Two spins only works for two possible answers. Do you need N spins for N answers?

[-]Scott Garrabrant7y50

You are correct. It doesn't work for more than two answers. I knew that when I thought about this before, but forgot. Corrected above.

I dont have a nice algorithm for N answers. I tried a bunch of the obvious simple things, and they dont work.

[-]Neil Fitzgerald7y40

I think an algorithm for N outcomes is: spin twice, gain 1 every time you get the answer right but lose 1 if both guesses are the same.

One can "see intuitively" why it works: when we increase the spinner-probability of outcome i by a small delta (imagining that all other probabilities stay fixed, and not worrying about the fact that our sum of probabilities is now 1 + delta) then the spinner-probability of getting the same outcome twice goes up by 2 x delta x p[i]. However, on each spin we get the right answer delta x q[i] more of the time, where q[i] is the true probability of outcome i. Since we're spinning twice we get the right answer 2 x delta x q[i] more often. These cancel out if and only if p[i] = q[i]. [Obviously some work would need to be done to turn that into a proof...]

[-]gjm7y20

Just to be clear: if you spin twice and both come up right, you're gaining 2 and then losing 1? (I.e., this is equivalent to what you wrote in an earlier version of the comment?)

[-]Neil Fitzgerald7y10

That's right.

[-]Ben Pace7y40

(Why does the two-spin work?)

[-]Scott Garrabrant7y70

In a true/false question that is true with probability $p$ , if you assign probability $q$ , your probability of losing is $p (1 - q)^{2} + (1 - p) q^{2}$ . (The probabily the answer is true and you spin false twice plus the probability the answer is false and you spin true twice.)

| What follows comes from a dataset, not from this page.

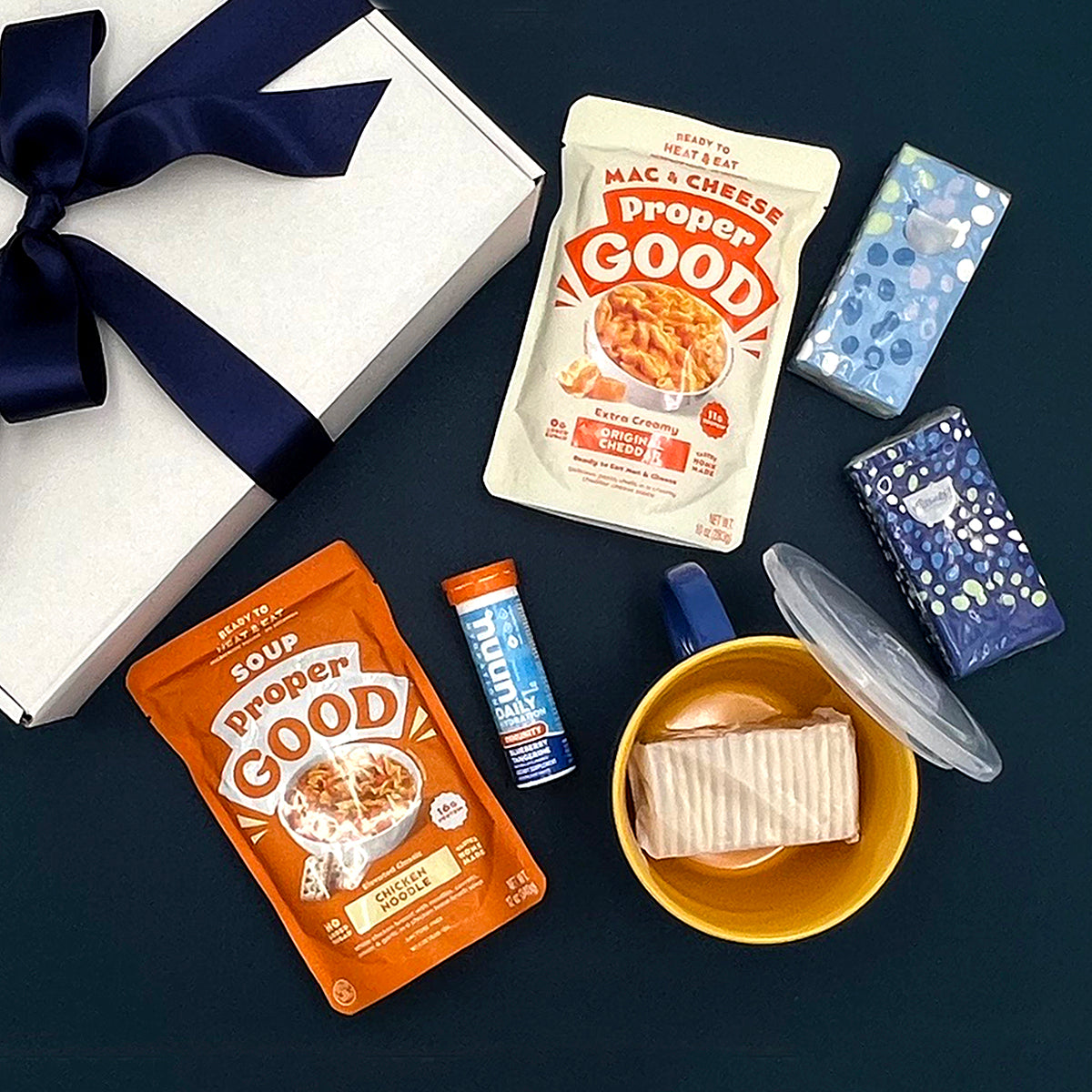 Feel Better Kit Get Well Soon gift box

This probability is minimized when its derivative with respect to $q$ is $0$ , or at the boundary. This derivative is $- 2 p (1 - q) + 2 (1 - p) q$ , whis is $0$ when $q = p$ . We now know the minimum is achieved when $q$ is $0$ , $1$ , or $p$ . The probability of losing when $q = 0$ is $p$ . The probability of losing when $q = 1$ is $1 - p$ . The probability of losing when $q = p$ is $p (1 - p)$ , which is the lowest of the three options.

[-]Scott Garrabrant7y30

Copied without LaTeX:

In a true/false question that is true with probability p, if you assign probability q, your probability of losing is p(1−q)^2+(1−p)q^2. (The probabily the answer is true and you spin false twice plus the probability the answer is false and you spin true twice.)

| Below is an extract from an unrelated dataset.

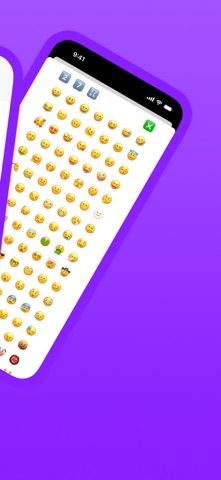 Eiary: Emoji Diary & Journal Screenshot 3 of 3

This probability is minimized when its derivative with respect to q is 0, or at the boundary. This derivative is −2p(1−q)+2(1−p)q, whis is 0 when q=p. We now know the minimum is achieved when q is 0, 1, or p. The probability of losing when q=0 is p. The probability of losing when q=1 is 1−p. The probability of losing when q=p is p(1−p), which is the lowest of the three options.

[-]Qiaochu_Yuan7y40

This is called either Brier or quadratic scoring, not sure which.

[-]Kevin S. Van Horn7y20

Not exactly. Its expected value is the same as the expected value of the Brier score, but the score itself is either 0 or 1.

[-]Scott Garrabrant7y10

For some reason, the latex is not rendering for me. I can see it when I edit the comment, but not otherwise.

[-]Ben Pace7y20

The comment has just started rendering for me.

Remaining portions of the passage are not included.